**WORK TASK:**
Lines before the one containing "MENTA Dining chair, White/beige Fabric" are left out; output the rest of the data exactly, through the final line.

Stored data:
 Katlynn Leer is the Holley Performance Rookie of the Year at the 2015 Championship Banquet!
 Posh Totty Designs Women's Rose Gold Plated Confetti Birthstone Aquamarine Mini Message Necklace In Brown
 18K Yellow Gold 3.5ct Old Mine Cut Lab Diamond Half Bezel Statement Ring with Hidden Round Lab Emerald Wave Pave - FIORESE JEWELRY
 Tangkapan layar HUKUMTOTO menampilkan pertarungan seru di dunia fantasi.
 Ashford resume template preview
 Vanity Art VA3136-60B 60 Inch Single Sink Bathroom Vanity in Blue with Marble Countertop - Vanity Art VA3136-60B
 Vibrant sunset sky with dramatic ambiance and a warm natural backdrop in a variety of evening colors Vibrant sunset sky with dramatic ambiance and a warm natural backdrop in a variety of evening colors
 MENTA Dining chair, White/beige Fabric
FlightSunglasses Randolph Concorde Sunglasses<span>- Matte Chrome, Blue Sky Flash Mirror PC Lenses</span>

**RESPONSE AREA:**
 MENTA Dining chair, White/beige Fabric
FlightSunglasses Randolph Concorde Sunglasses<span>- Matte Chrome, Blue Sky Flash Mirror PC Lenses</span>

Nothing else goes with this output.